WHAT YOU SHOULD DO: Every entry should come back exactly as written, minus the pictures.

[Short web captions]
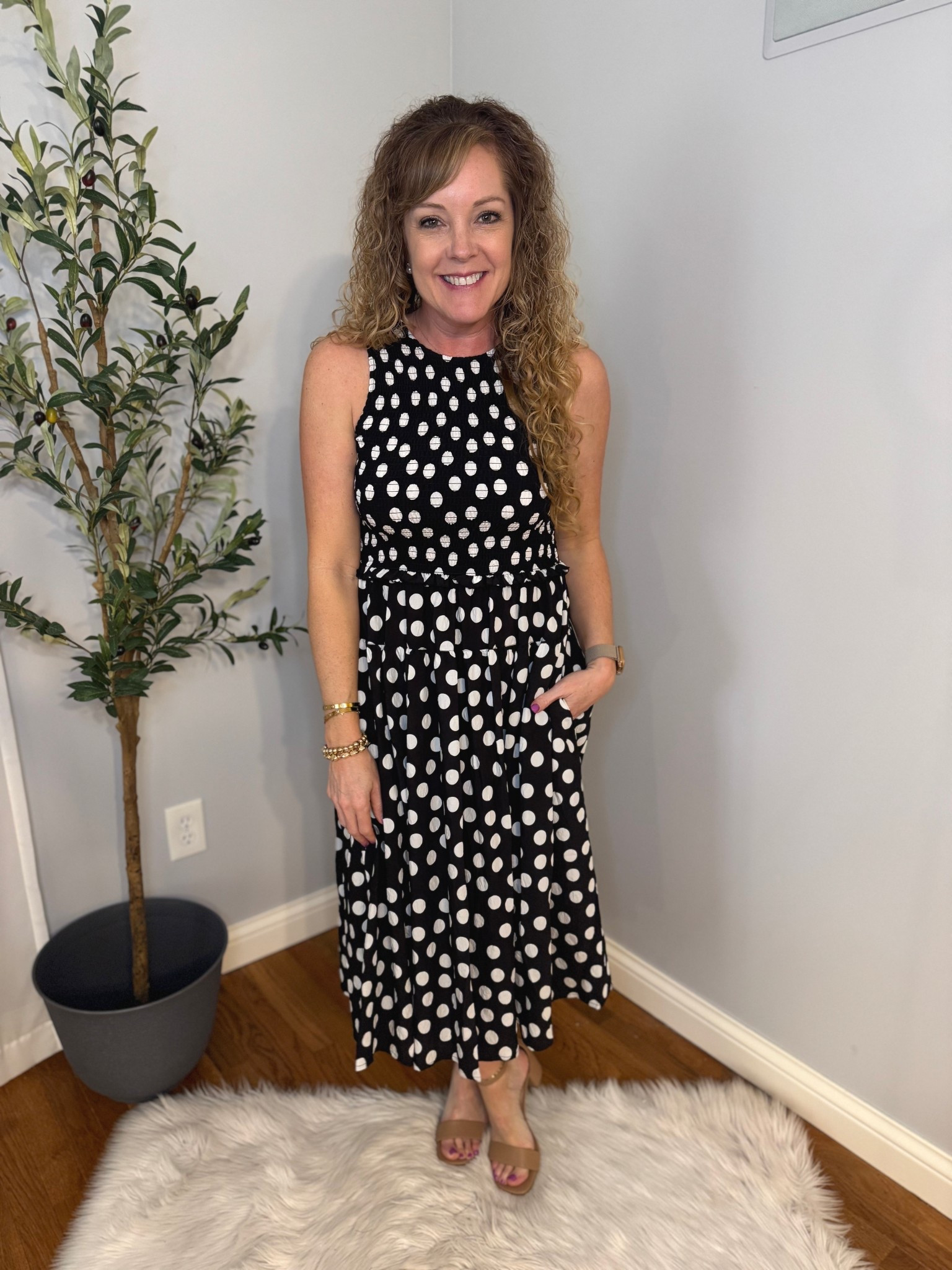 Walmart✨ new Spring🌸 arrivals! Black & white finds! 🖤🤍

#walmartpartner #walmartstyle @walmartstyle

*Polka dot dress- size small, size up if in between 
*Heels- tts, size 8

#LTKootd #LTKWedding #LTKOver40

RESULT FOR THIS TASK:
 Walmart✨ new Spring🌸 arrivals! Black & white finds! 🖤🤍

#walmartpartner #walmartstyle @walmartstyle

*Polka dot dress- size small, size up if in between 
*Heels- tts, size 8

#LTKootd #LTKWedding #LTKOver40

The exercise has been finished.